Ele notou a vulnerabilidade dela e decidiu levá-la para o quarto ; levantou-se e a carregou no colo enquanto ela enrolava mechas de seu cabelo avermelhado em seus dedos, rindo carinhosamente pelo breve caminho.
- Pronto, agora pode descansar. – A colocou sentada no futon. – Boa noite... – Ele ainda encarou o rosto dela, um sorriso sedutor em sua face. – Minha Kaoru. – E pressionou demoradamente seus lábios com os dela, que agora já estava deitada, se separando aos poucos, observando-a carinhosamente.
Ela riu baixo e puxou o braço dele.
- Durma aqui comigo. – Ela o olhou como se esse fosse o pedido mais inocente e natural do mundo.

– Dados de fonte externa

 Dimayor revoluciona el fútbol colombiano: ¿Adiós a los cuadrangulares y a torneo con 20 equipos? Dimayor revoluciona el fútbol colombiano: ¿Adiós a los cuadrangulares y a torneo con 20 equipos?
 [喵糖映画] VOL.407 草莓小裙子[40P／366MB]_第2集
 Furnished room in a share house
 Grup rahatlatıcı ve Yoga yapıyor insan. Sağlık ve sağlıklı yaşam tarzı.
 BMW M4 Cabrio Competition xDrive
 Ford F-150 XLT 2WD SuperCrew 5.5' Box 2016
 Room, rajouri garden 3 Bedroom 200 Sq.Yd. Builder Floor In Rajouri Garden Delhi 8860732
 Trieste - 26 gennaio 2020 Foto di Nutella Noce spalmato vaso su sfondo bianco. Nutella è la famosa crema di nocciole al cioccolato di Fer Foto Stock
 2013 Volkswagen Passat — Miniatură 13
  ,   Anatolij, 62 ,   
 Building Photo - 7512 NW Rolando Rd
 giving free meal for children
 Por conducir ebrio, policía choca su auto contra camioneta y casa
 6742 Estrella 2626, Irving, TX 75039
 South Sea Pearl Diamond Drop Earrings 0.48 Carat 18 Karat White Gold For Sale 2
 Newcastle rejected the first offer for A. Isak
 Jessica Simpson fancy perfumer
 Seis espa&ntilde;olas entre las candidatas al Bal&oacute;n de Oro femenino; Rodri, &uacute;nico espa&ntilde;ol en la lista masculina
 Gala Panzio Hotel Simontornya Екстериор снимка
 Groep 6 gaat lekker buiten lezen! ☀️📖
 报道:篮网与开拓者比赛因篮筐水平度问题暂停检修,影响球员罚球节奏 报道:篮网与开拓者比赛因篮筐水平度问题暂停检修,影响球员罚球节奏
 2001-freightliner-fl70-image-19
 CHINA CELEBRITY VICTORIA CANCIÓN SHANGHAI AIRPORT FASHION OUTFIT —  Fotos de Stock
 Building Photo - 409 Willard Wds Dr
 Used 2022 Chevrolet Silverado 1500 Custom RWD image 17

Ele se surpreendeu com o olhar pidoncho dela. Hesitou alguns instantes e se agachou ao lado dela.
- Não acho que seja uma boa ideia... – Ele tentava soltar seu braço delicadamente.
- Não tem problema Kenshin, vou dormir melhor com você ao meu lado. – Ela se posicionou para dar lugar a ele. – Quem sabe você dorme melhor também. – E já cerrava os olhos, se deitando confortavelmente, despreocupada e cada vez mais relaxada.
Ele sabia que não aconteceria nada se simplesmente dormisse ao lado dela; não a estaria desrespeitando de qualquer forma. Só estariam literalmente dormindo juntos.
Se deitou um pouco atrás. Logo ela buscou o braço dele e puxou para si, o colocando em sua cintura, de modo que estavam agora muito próximos.
- Sempre quis dormir sendo abraçada por você, Kenshin. – A confissão saiu natural , sem vestígio de timidez, pontuada pela voz sonolenta da espadachim.
- Também já ando pensando nisso há um bom tempo , Kaoru. – Ele afagou os cabelos dela, se aprofundando no aroma que sentia no momento.
Só precisava conter seus impulsos e tentar dormir em paz durante a longa noite que se colocava à sua frente. Se havia algo de vestígio de sua vida ex-hitokiri desejava que nesse momento fosse seu calculismo e frieza; pedia internamente a si mesmo que houvesse restado o suficiente.